De leur côté, les Indés radio voient leurs recettes brutes augmenter de +18,2% cette année, ce qui représente 45,2 millions d'euros d'excédent budgétaire comparé à l'an dernier. Leur part de marché s'élève désormais à 10,1%
(+1 point).
Distribution
montée en puissance des pure-players et des hard discounters
Première source de revenus du média, les distributeurs augmentent sensiblement leurs investissemnts, qu'ils soient généralistes (+12,1%) ou spécialisés (+16,2%). Au global, la distribution progresse de +13,6% ce qui représente 108 millions d'euros bruts supplémentaires, soit 56% de la croissance du média. Les annonceurs les plus contributeurs à cette hausse sont Dia (+31,9 millions), Sarenza (+31,2 millions) ou encore lidl absent des ondes l'an dernier sur la même période et qui investit 19,4 millions d'euros cette année. E.Leclerc conserve son leadership en radio, tous annonceurs confondus, avec un budget de 94,8 millions d'euros bruts et une croissance à deux chiffres de +17,8%. De même, Carrefour augmente de +11% ses investissemenst sur le média et totalise près de 81 millions d'euros bruts de budget.
Deuxième secteur sur le média, l'automobile est stable cette année (+1,2%) et cumule 310,6 millions d'euros. Pourtant le secteur bénéficie d'importantes prises de paroles de la part notamment de Peugeot (+14,9%), Opel (+41,8%) ou encore Nissan (x2,3) mais le lourd désengagement de renault (-33,4%) freine la croissance du secteur en radio. En effet, le constructeur français réduit considérablement ses communications sur ses marques Scénic
(-89,6%) et Mégane (-35,1%) et sur son service Renault Minute (-46,7%).

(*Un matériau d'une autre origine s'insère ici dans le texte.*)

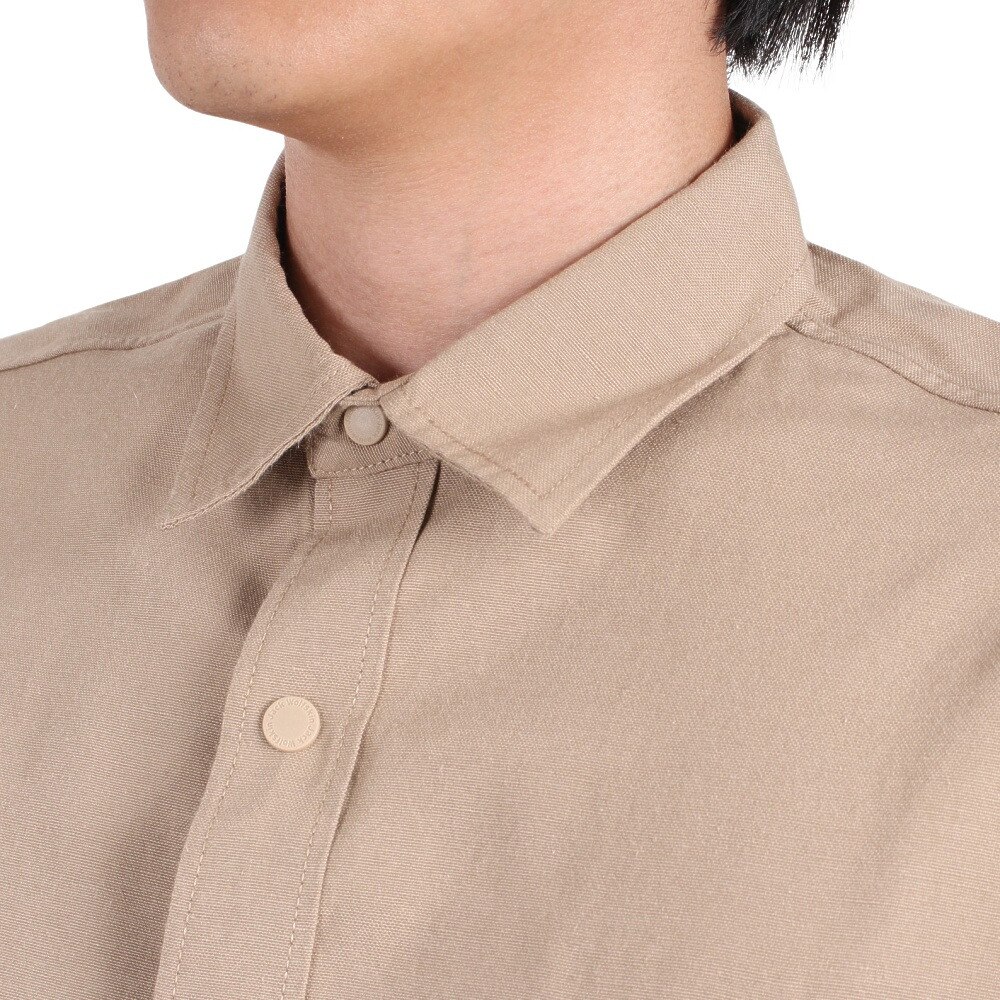 ジャックウルフスキン（JackWolfskin）（メンズ）清涼感 通気性 カジュアルシャツ 長袖 JP PAW IN POCKET B.D. シャツ 5032481-5605 ベージュ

Deux secteurs se démarquent en radio à la fin de ce troisième trimestre : la mode et l'alimentation. Concernant la mode, on soulignera particulièrement le dispositif de Sarenza qui, sur le média, investit 52,6 millions d'euros bruts soit plus de la moitié des investissements du secteur. L'annonceur multiplie par 2,5 son enveloppe budgétaire et vient se placer au 5ème rang du classement 2011. L'alimentation mérite une attention particulière puisque le secteur augmente ses investissements en radio tandis qu'il réduit sévèrement ses communications en télévision, le média phare de ce marché. Au total, les annonceurs de l'alimentation consacre 99,2 millions d'euros au média, soit +52,5% comparé à l'an dernier. Plusieurs segments expliquent cette croissance, à commencer par le marché des chips qui représente à lui seul 23% de la hausse du secteur. Alors que cet univers était inactif l'an dernier à la même période, ce sont 7,9 millions d'euros investis cette année par les deux principales marques que sont Lay's et Vico. Les marchés des beurres, des barres céréalières, de l'ultra frais ou encore de la confiserie dynamisent également l'alimentation sur le média. En termes d'annonceurs, on retiendra surtout les prises de parole de Pepsico (x2,1), et d'Andros (x12,2) qui multiplient leur budget de communication sur le média pour promouvoir leurs produits.
Au final, la radio profite des offres spéciales "rentrée" en septembre comparé aux autres médias. Cependant la radio, média privilégié en période de crise de part sa réactivité et son ticket d'entrée avantageux, continuera-t-elle à séduire les annonceurs sur le dernier trimestre ? Rendez-vous en janvier 2012.